Data segment -
'''
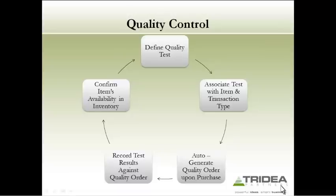In this demonstration, we defined a simple quality test and then specified the requirement to perform that test upon purchasing a specific item. We then saw how our ability to access and use that item was contingent upon performing our quality testing.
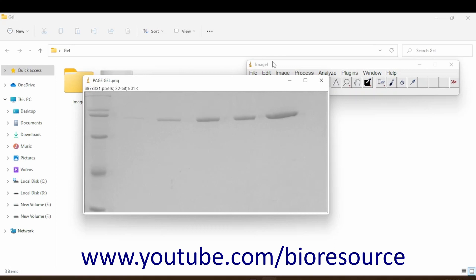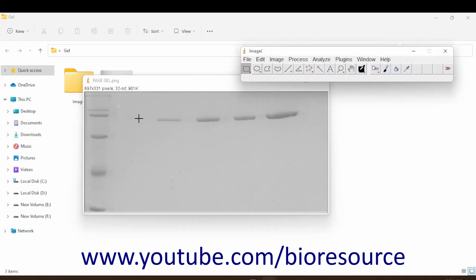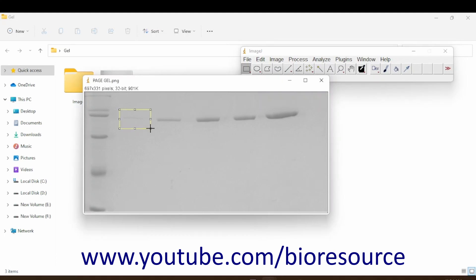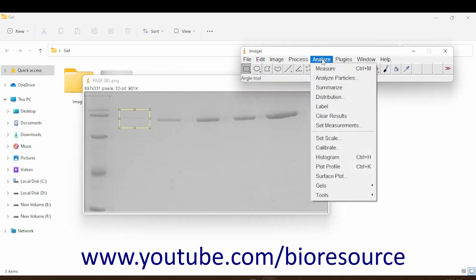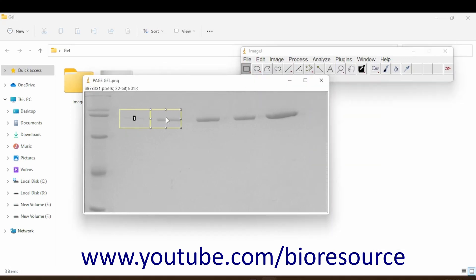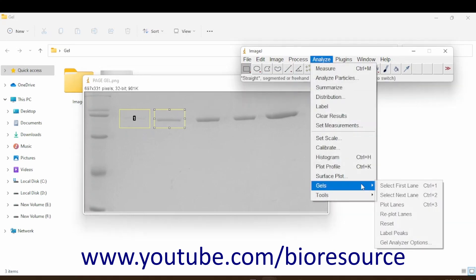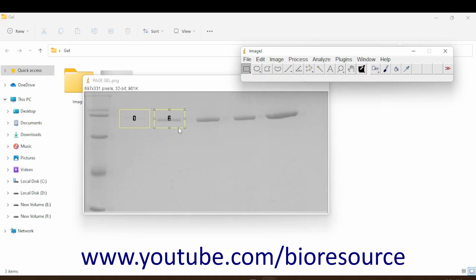I will just select and mark this. Okay, so this is our control band. Go to Analyze Gels and select it as the first lane, then move to the next well and do the same process again until you mark all the wells.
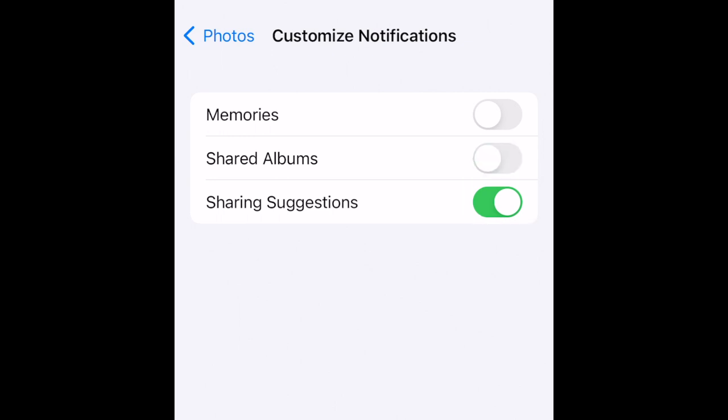Your memories will still appear under the For You tab in the Photos app on your iPhone, but you will no longer receive alerts about them once memories notifications are switched off. That's all it takes to turn off iPhone photo memories notifications.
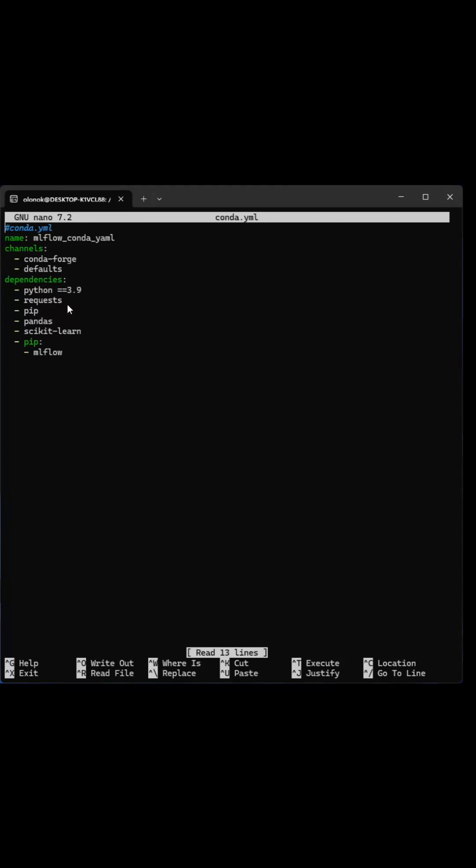A section of dependencies with all the Conda packages that you want to install, and an optional section PIP with other Python packages that you want to install. You save the file.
'''
What to work on - Could you reproduce the listing above exactly and drop every picture?

Written response -
In this demonstration, we defined a simple quality test and then specified the requirement to perform that test upon purchasing a specific item. We then saw how our ability to access and use that item was contingent upon performing our quality testing.
I will just select and mark this. Okay, so this is our control band. Go to Analyze Gels and select it as the first lane, then move to the next well and do the same process again until you mark all the wells.
Your memories will still appear under the For You tab in the Photos app on your iPhone, but you will no longer receive alerts about them once memories notifications are switched off. That's all it takes to turn off iPhone photo memories notifications.
A section of dependencies with all the Conda packages that you want to install, and an optional section PIP with other Python packages that you want to install. You save the file.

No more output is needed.